En el Retiro habitualmente jugábamos en la plaza del Rugby (así la llamábamos), que estaba situada muy cerca del Estanque, detrás de un merendero. Allí aprendí a jugar al fútbol y les enseñamos (mi hermano Felipe y yo) a jugar al béisbol a nuestros amigos españoles (Emilio Arranz, Manolo Alumbreros y tantos otros). Las clases de Educación Física las solíamos hacer en La Chopera, lo que ya nos parecía un largo camino desde el colegio, sito en la calle Claudio Coello.

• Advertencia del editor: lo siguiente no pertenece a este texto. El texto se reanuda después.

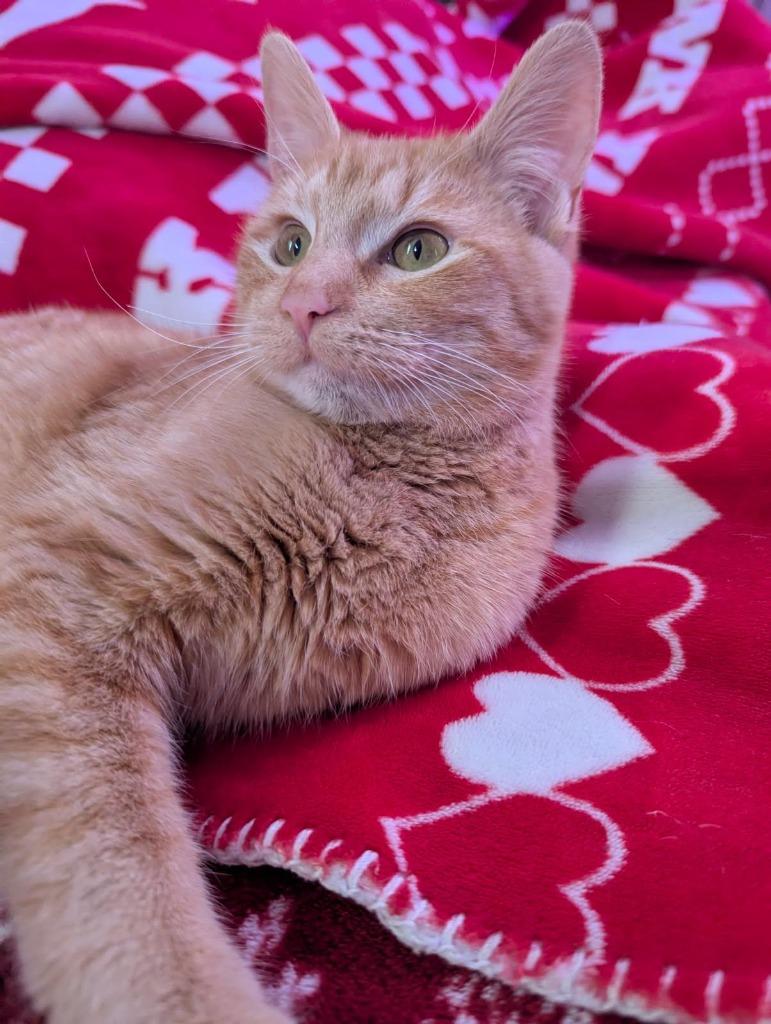 Trixie, Adoptable, Kitten Female Domestic Short Hair.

 Una tarde, que estábamos solos y aburridos, mi hermano y yo nos aventuramos por el parque hasta más allá de La Chopera, hasta sus confines en la zona sur. Allí, en un montículo descampado, nos encontramos con un par de chicos de no muy buen aspecto, un par de pilluelos de ínfima condición social. El caso es que hicimos las presentaciones y nos pusimos a jugar, un juego que no duró mucho, pues empezaba a oscurecer, y en el que no me sentía yo del todo tranquilo, dado el carácter de nuestros ocasionales compañeros. Me chocó mucho que, tras las presentaciones, en el juego continuamente llamaban a mi hermano Celipe, lo que para chicos educados como nosotros constituía algo muy extraño.

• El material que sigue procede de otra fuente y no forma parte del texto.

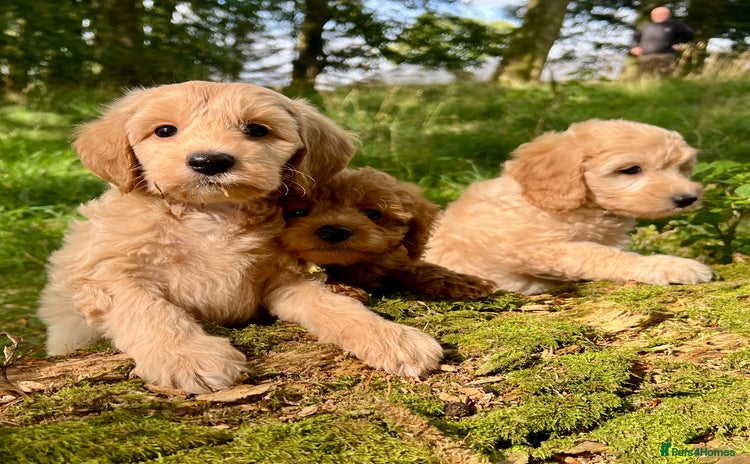 Labradoodle dogs - Advert 3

Recientemente, leyendo El Doctor Centeno, de Galdós, en el capítulo segundo, cuando Alejandro Miquis le ha dado su capa al chiquillo moribundo que se ha encontrado en “la cuesta del Observatorio”, se produce el siguiente diálogo entre el benefactor y el pilluelo hambriento:

«Vamos a ver. Has de responderme sin mentira... porque tú eres muy mentiroso... ¿Cómo te llamas?».
-Celipe.
-¿Y que más?
-Celipe Centeno.

Como se podrá perfectamente comprender, la emoción que me produce la lectura de ese pasaje es enorme, pues que la escena se sitúa en esa misma zona sur del parque, muy cerca de donde mi hermano y yo tuvimos aquel singular encuentro de nuestra infancia un siglo después de lo que narra Galdós. No sé cómo denominar esa reviviscencia, tal vez un fenómeno de azar objetivo de que hablaban los surrealistas.

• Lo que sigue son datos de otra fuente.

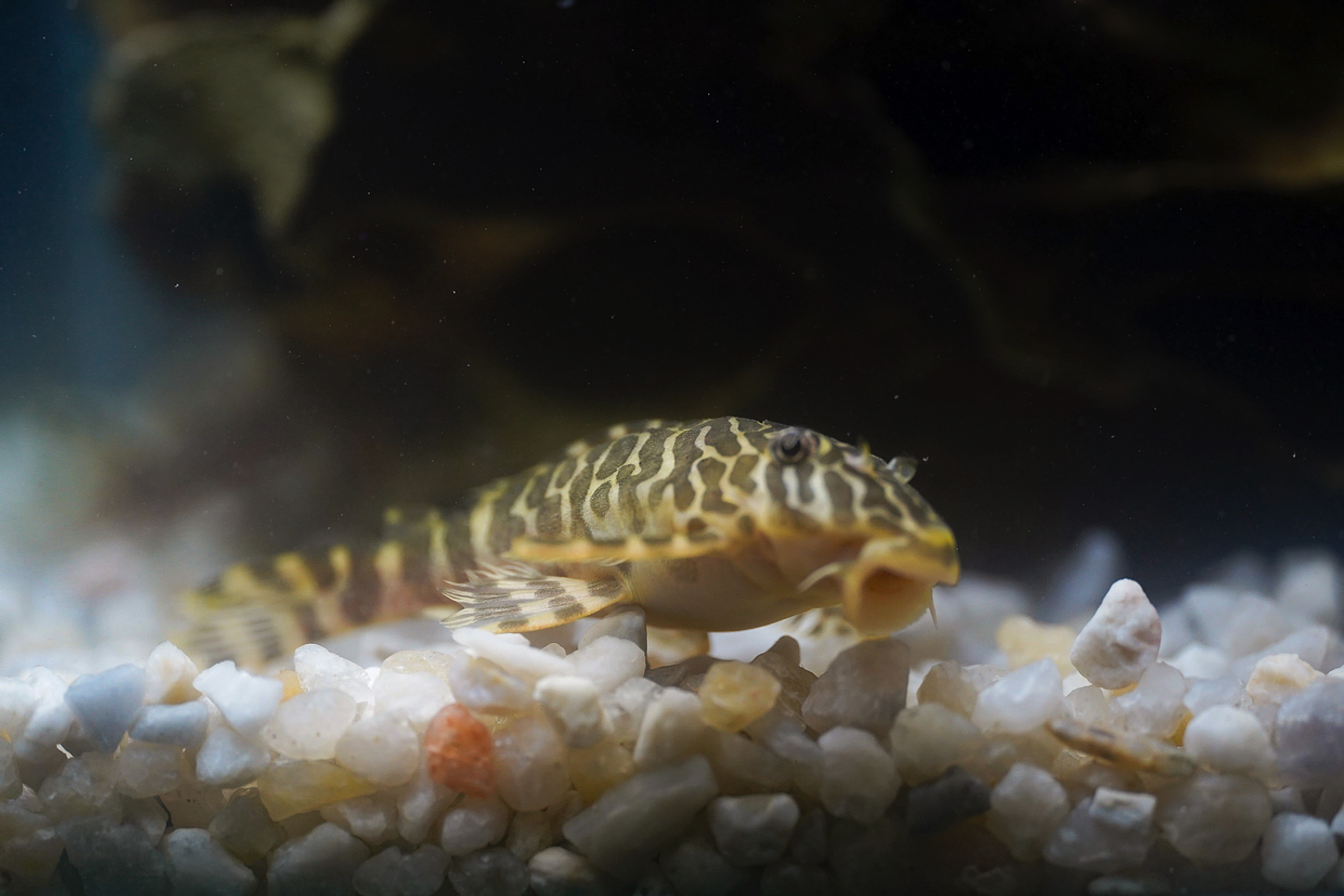 Tigre ouro - Peckoltia compta - L134 5-10 cm 15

Días después, leyendo un artículo de Juan Benet (porque yo puedo leer a los dos antagónicos, a Benet y a Galdós, con el mismo gran placer en ambos casos, y me cuesta comprender cómo el primero sentía tamaño desprecio por la producción de don Benito, pero ya sabemos que es propio de los grandes tener sus manías y debilidades), leyendo un artículo -decía-, titulado “¿Y cuando ella…?”, que se publicó en El País (30-3-1986) y que está recogido en Ensayos de incertidumbre, me topo con el siguiente pasaje:

A la salida del cine ocurría algo parecido; cuando el público se iba calando los abrigos y enrollando las bufandas surgían unos comentarios que podían durar semanas, tanto como la película en el cartel. Dejando aparte los calificativos, que pueden despacharse con un par de adjetivos, los comentarios más estimulantes eran los recreativos, los que se limitan a reproducir y estirar la experiencia sin más que mencionarla. Repetición intencionada de esas pocas escenas que quedaron indeleblemente grabadas y que, traídas por la memoria, es preciso disfrutar con el compañero sin más que anteponer "¿te acuerdas cuando ... ?" como todo preámbulo y con frecuencia sin él: "Y cuando ella se saca el guante negro?". "¿Y cuando se van los hijos de la casa y se queda la madre sola y saca la escopeta del armario?".


¿Será necesario decir que esa era precisamente la escena que se producía una y otra vez en nuestra infancia, cuando salíamos de los cines Oriente o Cuba, tras ver algún episodio de la serie de Fantomas, o El tulipán negro, en mi Santiago de Cuba natal? ¿Y que el comienzo de nuestras rememoraciones era: “¿Te acuerdas cuando…?”, “Y cuando…?”...?

La emoción -retrospectiva- que me asalta es, de nuevo, indescriptible. Entonces se me hace evidente que la Literatura, entre otras muchísimas cosas, puede servir para retrotraernos al pasado, como el sabor de la magdalena de Proust.